He was member of an old Graz family, who added several military officers to the Army and Fleet of the Monarchy. He was the commander of the 12th Infantry Regiment since 1914. In 1917, he was promoted to colonel and charged with lead of the 66th Infantry brigade. His name can be read several times in the description of the battles of the 12th Infantry Regiment. For example, on August 27, 1914, the day of the regiment’s baptism of fire, in the Lublin area, when the high ground of 262 was occupied. The photo attached to the post and the description of the aforementioned action can be found on page 341 of the volume “Unteilbar und Untrennbar” published in Vienna in 1919.
In the attached picture, he is a colonel and a brigade commander. On his officer’s hat, we see two badges on the left. The first, rectangular, is the IV Corps’ badge. Behind this there is the triangular badge of the 33rd Division. One of the two brigades in this division was the 66th Brigade, led by Magerl. The 12th Infantry Regiment was assigned to this brigade. I’ve been able to get another information on Karl Magerl von Kouffheim. On November 16, 1918, after the colonel returned from the front line he became commander of the insurgent unit formed in Zólyom. The unit attacked the Czech troops who had since enlisted in Zsolna and Ruttka and retook the cities from them.

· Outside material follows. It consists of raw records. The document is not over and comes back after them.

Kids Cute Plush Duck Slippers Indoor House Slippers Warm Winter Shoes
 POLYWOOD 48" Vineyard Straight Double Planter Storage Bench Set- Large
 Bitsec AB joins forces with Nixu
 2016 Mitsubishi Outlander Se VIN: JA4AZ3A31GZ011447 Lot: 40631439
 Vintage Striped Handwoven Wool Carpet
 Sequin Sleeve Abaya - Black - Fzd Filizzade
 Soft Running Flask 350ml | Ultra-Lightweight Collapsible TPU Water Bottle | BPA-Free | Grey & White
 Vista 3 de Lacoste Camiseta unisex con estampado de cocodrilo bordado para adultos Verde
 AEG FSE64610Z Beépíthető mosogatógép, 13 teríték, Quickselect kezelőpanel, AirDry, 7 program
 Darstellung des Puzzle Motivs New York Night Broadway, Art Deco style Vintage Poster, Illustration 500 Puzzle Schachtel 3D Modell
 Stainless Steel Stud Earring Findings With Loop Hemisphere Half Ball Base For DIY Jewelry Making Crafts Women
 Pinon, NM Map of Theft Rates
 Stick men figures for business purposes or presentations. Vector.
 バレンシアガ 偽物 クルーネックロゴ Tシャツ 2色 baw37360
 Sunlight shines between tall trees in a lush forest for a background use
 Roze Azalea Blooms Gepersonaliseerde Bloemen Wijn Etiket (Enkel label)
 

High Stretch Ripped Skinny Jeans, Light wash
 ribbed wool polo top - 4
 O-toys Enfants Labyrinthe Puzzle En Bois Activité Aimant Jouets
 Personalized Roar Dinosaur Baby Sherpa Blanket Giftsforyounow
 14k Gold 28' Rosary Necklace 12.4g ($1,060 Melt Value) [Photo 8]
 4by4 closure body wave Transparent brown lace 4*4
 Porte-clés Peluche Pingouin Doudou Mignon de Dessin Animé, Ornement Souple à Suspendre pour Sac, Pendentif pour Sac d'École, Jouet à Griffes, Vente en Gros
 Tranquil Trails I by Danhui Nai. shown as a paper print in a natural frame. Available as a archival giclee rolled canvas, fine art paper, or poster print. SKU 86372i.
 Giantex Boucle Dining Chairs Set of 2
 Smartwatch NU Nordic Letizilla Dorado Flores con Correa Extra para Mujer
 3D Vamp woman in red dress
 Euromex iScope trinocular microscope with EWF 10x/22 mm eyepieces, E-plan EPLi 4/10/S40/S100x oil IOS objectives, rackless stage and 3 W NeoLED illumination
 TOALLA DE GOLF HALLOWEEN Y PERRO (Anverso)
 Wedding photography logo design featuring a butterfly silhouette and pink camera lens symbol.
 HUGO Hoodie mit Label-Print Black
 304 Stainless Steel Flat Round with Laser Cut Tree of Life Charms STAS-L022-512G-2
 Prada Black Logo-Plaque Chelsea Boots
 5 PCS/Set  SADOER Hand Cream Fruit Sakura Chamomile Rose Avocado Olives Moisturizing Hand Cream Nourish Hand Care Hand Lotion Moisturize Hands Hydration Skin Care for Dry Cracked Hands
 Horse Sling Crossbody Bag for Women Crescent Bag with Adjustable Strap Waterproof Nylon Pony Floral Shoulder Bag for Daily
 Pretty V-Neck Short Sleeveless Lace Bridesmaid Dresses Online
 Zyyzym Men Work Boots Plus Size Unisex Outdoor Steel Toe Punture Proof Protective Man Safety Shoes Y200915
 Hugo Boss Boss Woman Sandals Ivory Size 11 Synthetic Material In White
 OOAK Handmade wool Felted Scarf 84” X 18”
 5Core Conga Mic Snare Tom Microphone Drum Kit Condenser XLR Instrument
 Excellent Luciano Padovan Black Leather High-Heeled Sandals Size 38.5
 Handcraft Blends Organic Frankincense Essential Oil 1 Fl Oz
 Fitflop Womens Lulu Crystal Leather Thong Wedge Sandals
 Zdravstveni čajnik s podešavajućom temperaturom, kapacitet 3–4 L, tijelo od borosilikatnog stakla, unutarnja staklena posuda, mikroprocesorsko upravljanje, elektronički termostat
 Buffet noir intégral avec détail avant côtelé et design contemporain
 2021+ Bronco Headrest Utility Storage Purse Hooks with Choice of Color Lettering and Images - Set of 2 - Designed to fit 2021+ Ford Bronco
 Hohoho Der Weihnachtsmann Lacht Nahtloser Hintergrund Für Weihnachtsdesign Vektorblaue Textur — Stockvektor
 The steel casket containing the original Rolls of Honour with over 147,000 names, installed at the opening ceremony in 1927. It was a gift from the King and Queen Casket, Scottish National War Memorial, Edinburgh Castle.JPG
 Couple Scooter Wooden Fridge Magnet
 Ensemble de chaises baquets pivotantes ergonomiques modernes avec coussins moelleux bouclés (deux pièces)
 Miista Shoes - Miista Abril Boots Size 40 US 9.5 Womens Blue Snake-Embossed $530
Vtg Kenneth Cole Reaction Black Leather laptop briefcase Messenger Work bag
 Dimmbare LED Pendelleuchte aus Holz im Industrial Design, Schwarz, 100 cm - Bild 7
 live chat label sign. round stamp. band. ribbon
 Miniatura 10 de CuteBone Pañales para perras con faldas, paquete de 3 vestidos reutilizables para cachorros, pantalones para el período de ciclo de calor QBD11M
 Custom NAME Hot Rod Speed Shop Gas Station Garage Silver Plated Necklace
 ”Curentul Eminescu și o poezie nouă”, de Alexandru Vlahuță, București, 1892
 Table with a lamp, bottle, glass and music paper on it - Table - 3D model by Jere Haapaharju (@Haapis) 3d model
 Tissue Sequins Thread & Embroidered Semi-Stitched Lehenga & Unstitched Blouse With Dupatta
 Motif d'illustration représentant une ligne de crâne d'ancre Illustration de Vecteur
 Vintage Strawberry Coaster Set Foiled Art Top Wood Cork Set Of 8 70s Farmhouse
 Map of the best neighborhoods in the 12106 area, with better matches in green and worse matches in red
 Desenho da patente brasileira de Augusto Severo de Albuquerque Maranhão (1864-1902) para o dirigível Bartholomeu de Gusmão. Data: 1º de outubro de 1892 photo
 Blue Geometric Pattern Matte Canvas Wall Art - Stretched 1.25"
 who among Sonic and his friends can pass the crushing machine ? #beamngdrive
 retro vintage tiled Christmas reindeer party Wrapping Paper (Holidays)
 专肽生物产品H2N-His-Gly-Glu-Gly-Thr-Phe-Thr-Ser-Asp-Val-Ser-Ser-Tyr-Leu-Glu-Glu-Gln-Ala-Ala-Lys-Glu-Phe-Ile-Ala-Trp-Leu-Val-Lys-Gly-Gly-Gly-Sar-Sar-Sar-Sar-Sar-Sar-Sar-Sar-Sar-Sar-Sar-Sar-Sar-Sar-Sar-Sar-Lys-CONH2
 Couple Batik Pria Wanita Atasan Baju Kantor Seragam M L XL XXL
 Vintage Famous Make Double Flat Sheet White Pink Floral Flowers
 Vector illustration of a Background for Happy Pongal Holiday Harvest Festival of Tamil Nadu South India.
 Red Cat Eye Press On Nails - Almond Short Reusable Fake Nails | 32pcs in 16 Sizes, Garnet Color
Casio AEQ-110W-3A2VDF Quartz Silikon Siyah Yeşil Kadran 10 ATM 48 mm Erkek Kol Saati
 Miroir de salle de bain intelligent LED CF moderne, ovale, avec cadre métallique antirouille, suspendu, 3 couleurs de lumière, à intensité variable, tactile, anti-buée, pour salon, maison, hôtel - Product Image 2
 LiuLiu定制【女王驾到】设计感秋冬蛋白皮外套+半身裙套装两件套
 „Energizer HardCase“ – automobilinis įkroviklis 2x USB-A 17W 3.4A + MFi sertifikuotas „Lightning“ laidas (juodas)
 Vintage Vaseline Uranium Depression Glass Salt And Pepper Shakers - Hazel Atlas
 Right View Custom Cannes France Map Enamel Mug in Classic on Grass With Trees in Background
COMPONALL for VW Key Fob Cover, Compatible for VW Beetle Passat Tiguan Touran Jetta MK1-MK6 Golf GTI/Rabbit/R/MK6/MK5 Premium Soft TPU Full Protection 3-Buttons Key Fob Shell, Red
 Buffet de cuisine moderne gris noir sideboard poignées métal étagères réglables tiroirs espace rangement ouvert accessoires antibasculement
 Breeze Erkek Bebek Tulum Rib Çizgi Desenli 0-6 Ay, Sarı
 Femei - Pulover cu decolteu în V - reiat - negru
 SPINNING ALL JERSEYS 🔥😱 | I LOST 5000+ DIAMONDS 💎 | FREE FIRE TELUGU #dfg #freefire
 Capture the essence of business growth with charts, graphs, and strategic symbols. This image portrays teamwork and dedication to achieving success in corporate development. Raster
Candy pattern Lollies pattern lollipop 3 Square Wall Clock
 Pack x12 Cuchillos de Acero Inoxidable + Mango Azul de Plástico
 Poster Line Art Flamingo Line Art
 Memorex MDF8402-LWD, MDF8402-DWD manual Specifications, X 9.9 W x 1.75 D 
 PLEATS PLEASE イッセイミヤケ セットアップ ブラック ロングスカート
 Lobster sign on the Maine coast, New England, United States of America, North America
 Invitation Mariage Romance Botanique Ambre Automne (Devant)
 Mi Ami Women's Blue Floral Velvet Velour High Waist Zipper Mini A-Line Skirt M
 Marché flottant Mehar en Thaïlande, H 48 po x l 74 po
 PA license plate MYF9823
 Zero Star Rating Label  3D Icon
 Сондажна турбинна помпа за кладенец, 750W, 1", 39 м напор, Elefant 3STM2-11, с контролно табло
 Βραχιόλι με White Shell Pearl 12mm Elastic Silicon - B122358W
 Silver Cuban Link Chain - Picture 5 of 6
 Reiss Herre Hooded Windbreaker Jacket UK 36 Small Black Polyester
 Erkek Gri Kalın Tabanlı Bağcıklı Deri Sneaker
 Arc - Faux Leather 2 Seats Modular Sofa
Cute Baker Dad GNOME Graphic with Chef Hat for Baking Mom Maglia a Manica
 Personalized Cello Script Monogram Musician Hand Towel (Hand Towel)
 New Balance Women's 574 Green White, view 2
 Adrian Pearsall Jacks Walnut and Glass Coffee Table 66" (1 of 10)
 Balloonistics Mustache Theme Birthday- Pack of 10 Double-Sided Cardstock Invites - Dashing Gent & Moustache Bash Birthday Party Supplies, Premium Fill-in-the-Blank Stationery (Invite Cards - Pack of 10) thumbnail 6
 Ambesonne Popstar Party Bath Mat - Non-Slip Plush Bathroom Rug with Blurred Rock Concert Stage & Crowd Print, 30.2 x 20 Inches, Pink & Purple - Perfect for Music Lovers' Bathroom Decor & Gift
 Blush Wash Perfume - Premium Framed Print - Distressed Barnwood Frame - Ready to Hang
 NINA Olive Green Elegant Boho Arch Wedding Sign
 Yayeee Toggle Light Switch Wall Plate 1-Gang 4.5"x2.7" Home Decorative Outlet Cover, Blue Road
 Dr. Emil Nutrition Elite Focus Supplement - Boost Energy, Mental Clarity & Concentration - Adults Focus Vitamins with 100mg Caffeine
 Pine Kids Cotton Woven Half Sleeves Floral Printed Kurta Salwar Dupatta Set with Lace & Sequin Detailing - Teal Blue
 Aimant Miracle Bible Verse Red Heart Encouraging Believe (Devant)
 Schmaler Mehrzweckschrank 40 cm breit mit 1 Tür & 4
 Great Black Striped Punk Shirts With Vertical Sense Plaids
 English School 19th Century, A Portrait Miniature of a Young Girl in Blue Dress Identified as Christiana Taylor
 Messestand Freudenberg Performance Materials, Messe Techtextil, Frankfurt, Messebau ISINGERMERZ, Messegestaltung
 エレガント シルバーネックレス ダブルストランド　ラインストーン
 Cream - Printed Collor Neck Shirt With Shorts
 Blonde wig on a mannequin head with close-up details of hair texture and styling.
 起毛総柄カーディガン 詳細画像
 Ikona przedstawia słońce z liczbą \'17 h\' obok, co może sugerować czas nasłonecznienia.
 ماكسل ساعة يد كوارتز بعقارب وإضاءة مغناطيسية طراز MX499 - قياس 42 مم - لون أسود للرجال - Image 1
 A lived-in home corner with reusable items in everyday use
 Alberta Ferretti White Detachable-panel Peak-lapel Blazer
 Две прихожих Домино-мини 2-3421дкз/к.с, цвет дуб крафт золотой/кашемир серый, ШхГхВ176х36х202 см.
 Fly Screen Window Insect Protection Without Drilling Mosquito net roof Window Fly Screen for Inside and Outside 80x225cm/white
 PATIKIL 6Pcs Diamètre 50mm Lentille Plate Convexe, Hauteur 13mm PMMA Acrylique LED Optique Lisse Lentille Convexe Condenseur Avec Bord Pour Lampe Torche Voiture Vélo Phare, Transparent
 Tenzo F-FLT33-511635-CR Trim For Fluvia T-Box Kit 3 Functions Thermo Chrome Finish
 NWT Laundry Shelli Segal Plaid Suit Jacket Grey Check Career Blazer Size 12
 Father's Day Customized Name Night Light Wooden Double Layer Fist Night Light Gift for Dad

Concerning the two badges it is worth noting that they correspond to the tactical signals used on military maps. The corps were marked on a square basis with Roman numerals. The divisions were marked with Arabic numerals written in triangular shape colored with black-and-yellow bands on the badge. Some of the brigades also had badges. The division badges were cut in half in the middle and the brigade badge showed the upper part of it. They were just wearing black bars on top. The brigade’s military number was also written in Arabic. Brigade 66 didn’t have its own hat badge. The colonel must have worn the division’s badge instead.